─── Provided entries ───
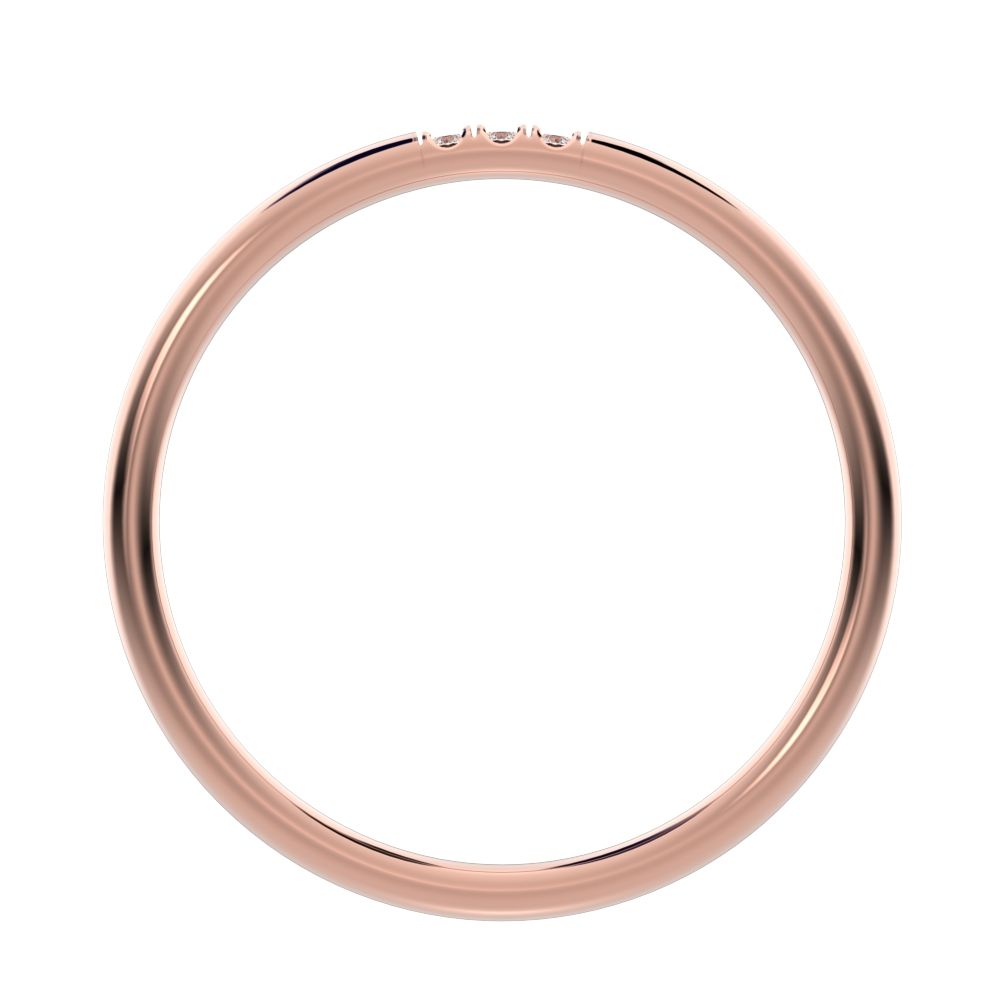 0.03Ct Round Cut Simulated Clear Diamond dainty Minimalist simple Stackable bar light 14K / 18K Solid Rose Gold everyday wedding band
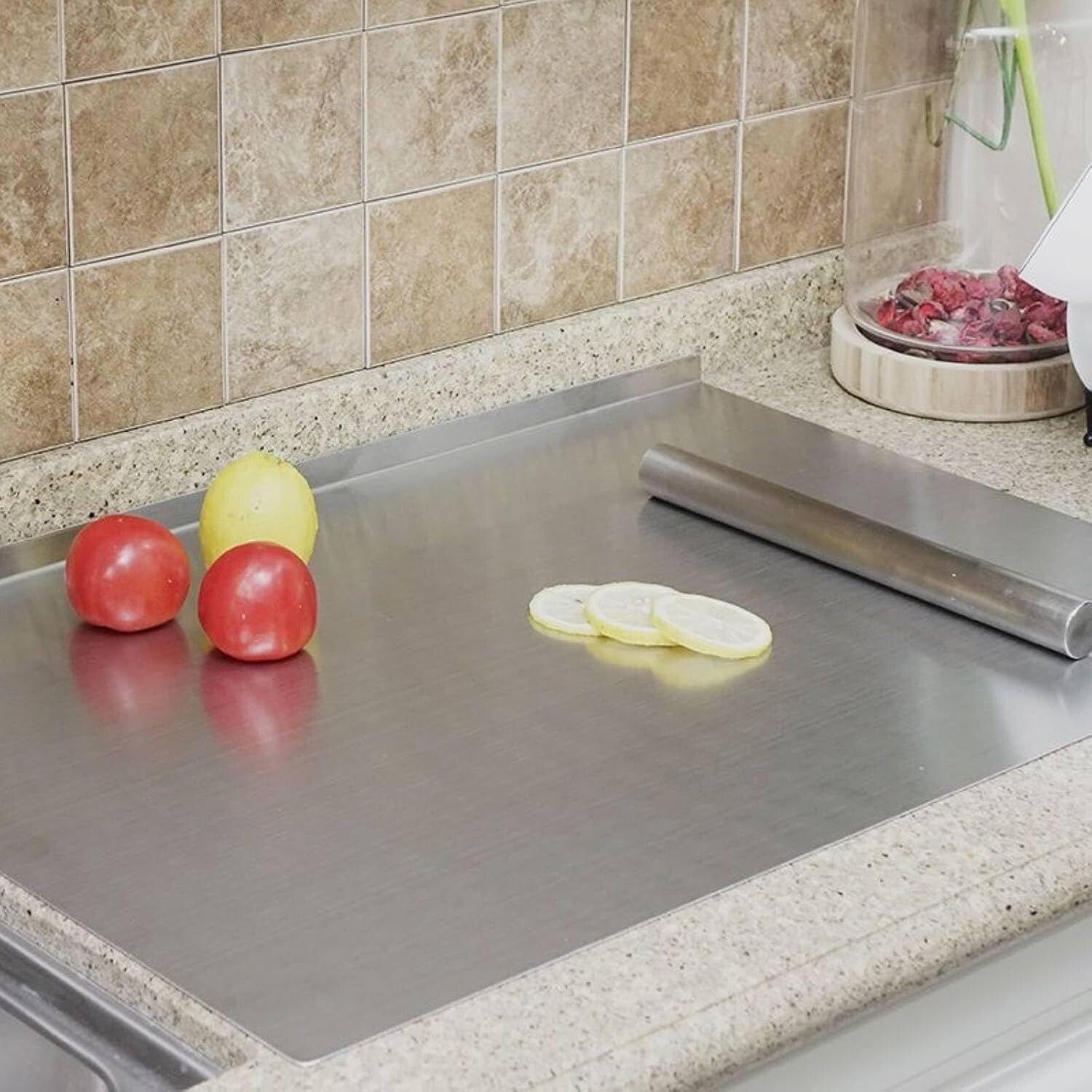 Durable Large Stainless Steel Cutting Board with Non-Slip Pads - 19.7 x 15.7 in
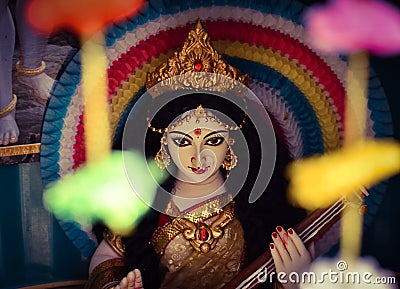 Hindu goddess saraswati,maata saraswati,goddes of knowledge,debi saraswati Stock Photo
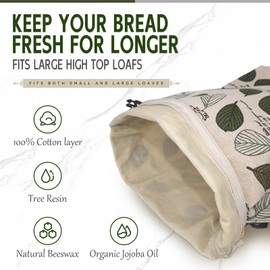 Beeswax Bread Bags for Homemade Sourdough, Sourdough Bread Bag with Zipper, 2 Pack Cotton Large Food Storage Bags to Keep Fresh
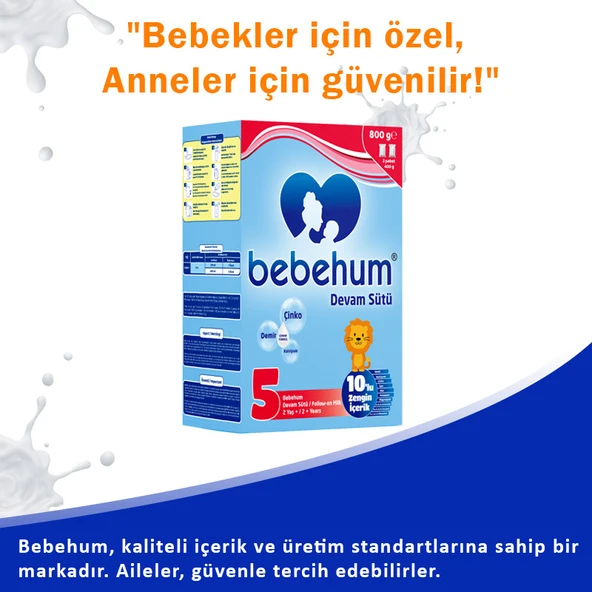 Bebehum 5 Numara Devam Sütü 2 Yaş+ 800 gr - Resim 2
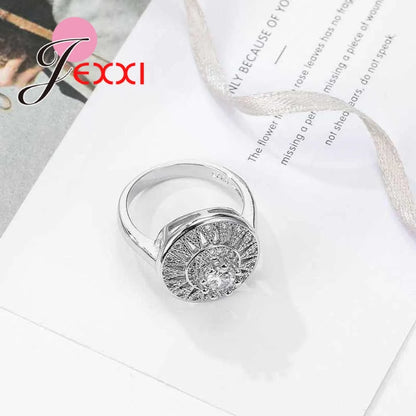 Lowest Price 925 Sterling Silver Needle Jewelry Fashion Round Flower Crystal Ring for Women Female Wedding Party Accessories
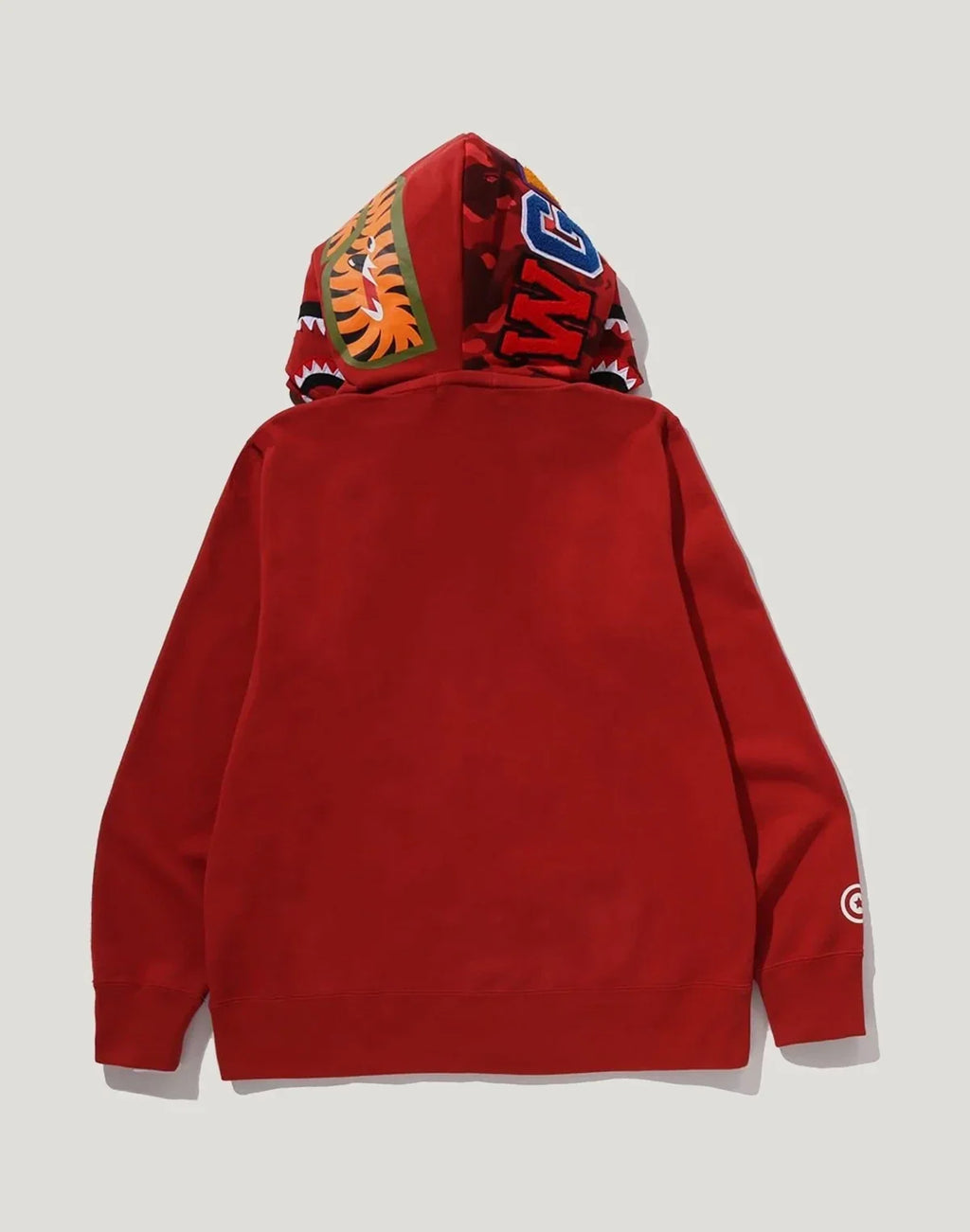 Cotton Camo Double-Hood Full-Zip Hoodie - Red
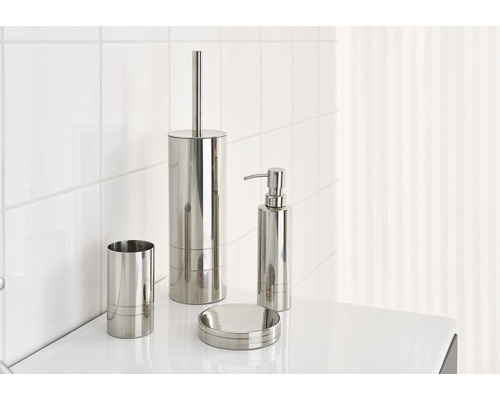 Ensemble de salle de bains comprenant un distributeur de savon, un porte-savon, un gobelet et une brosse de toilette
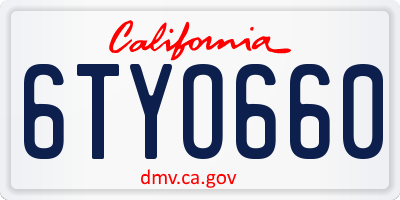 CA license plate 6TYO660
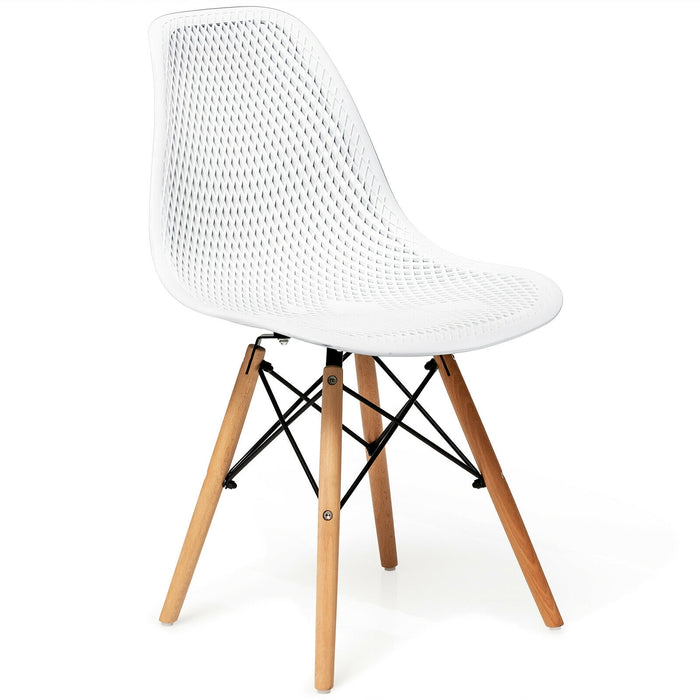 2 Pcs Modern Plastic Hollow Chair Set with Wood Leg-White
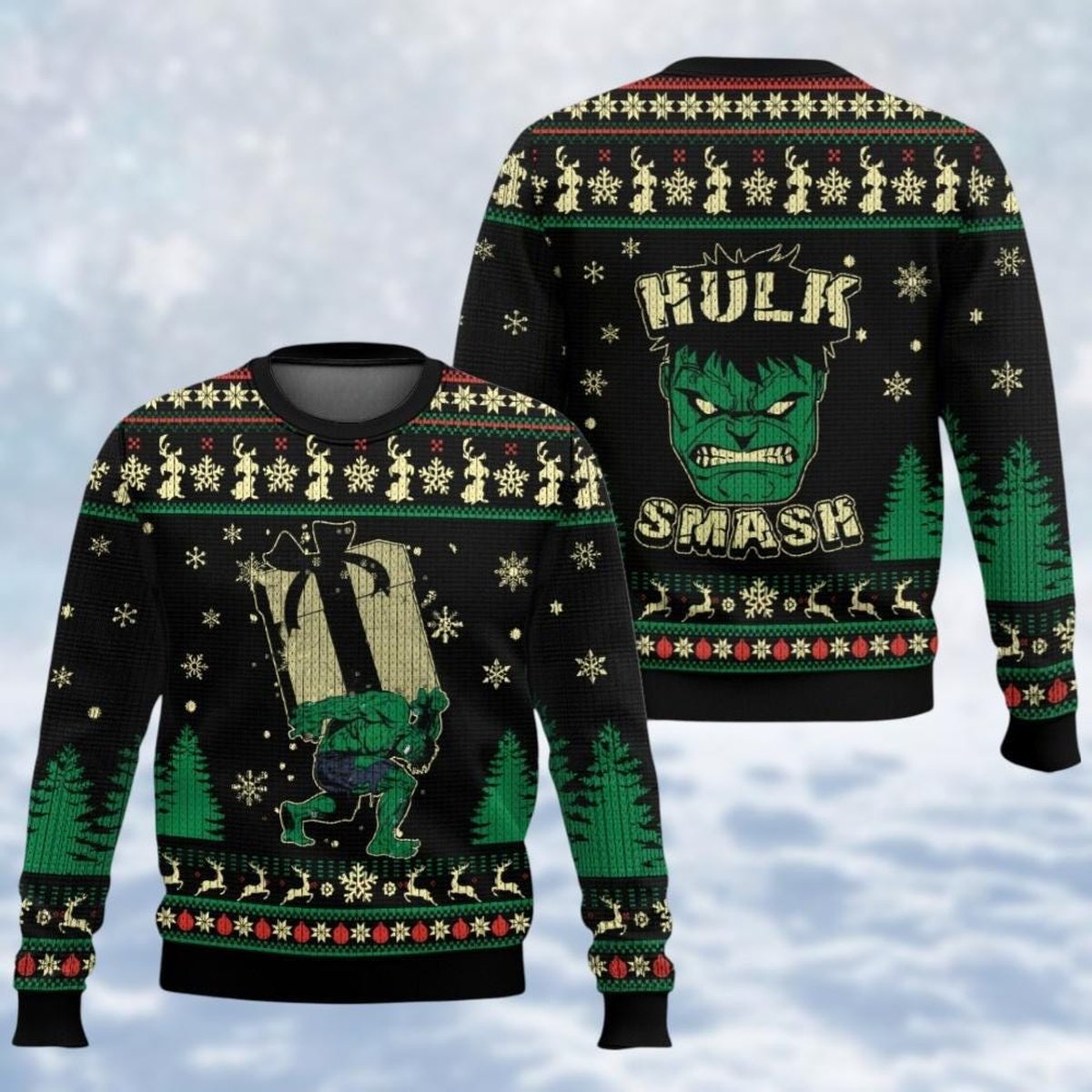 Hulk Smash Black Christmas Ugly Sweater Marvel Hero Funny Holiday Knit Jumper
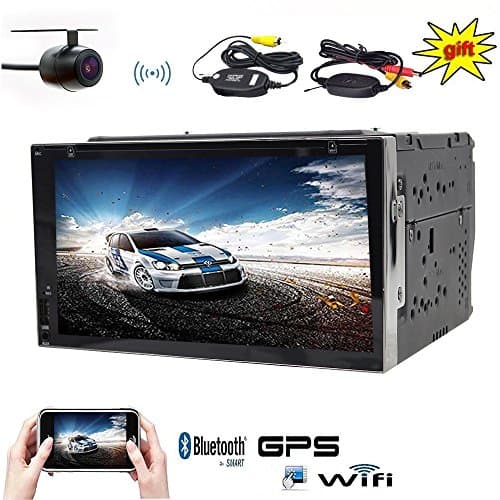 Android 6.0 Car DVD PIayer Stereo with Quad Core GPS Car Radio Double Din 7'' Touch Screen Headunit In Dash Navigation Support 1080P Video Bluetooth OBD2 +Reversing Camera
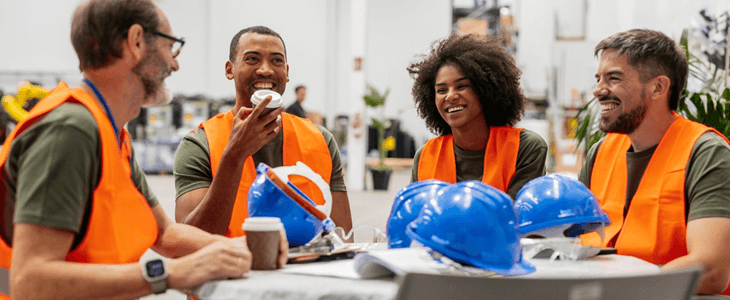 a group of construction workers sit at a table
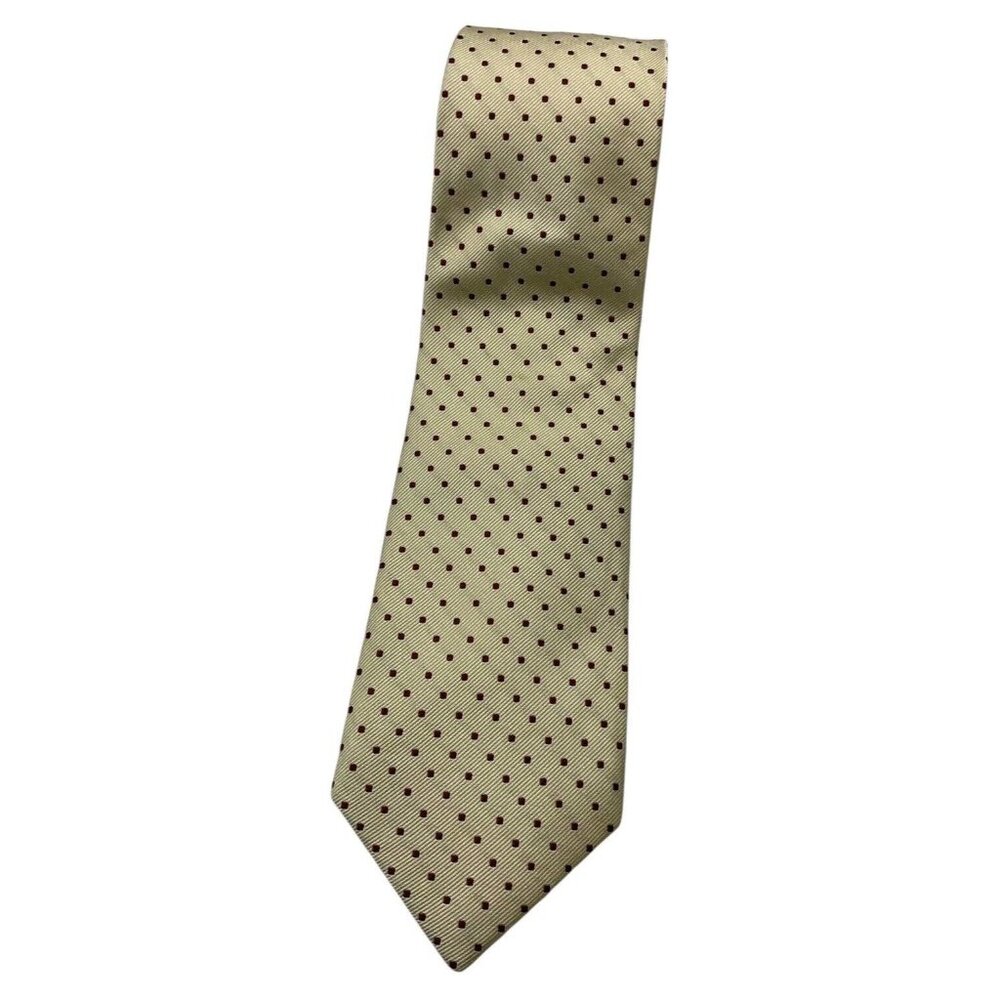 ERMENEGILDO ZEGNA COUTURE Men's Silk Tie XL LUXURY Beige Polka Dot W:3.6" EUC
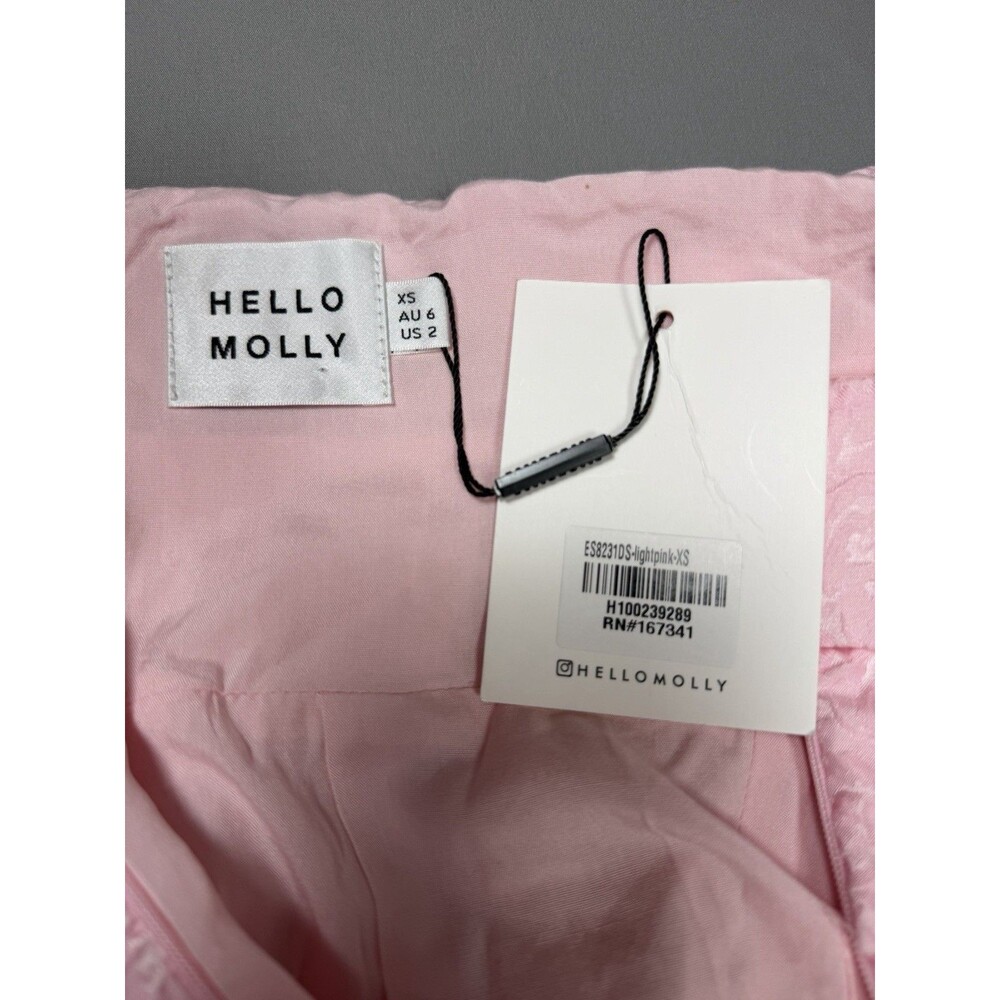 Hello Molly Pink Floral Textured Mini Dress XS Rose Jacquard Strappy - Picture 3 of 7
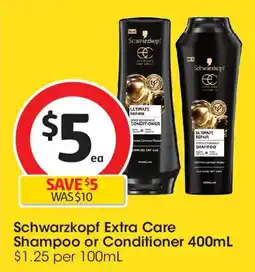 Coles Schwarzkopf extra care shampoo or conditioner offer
───
Go through the data above and print exactly the lines from its first line through the line holding "Android 6.0 Car", both included, leaving pictures aside.

Exercise result —
 0.03Ct Round Cut Simulated Clear Diamond dainty Minimalist simple Stackable bar light 14K / 18K Solid Rose Gold everyday wedding band
 Durable Large Stainless Steel Cutting Board with Non-Slip Pads - 19.7 x 15.7 in
 Hindu goddess saraswati,maata saraswati,goddes of knowledge,debi saraswati Stock Photo
 Beeswax Bread Bags for Homemade Sourdough, Sourdough Bread Bag with Zipper, 2 Pack Cotton Large Food Storage Bags to Keep Fresh
 Bebehum 5 Numara Devam Sütü 2 Yaş+ 800 gr - Resim 2
 Lowest Price 925 Sterling Silver Needle Jewelry Fashion Round Flower Crystal Ring for Women Female Wedding Party Accessories
 Cotton Camo Double-Hood Full-Zip Hoodie - Red
 Ensemble de salle de bains comprenant un distributeur de savon, un porte-savon, un gobelet et une brosse de toilette
 CA license plate 6TYO660
 2 Pcs Modern Plastic Hollow Chair Set with Wood Leg-White
 Hulk Smash Black Christmas Ugly Sweater Marvel Hero Funny Holiday Knit Jumper
 Android 6.0 Car DVD PIayer Stereo with Quad Core GPS Car Radio Double Din 7'' Touch Screen Headunit In Dash Navigation Support 1080P Video Bluetooth OBD2 +Reversing Camera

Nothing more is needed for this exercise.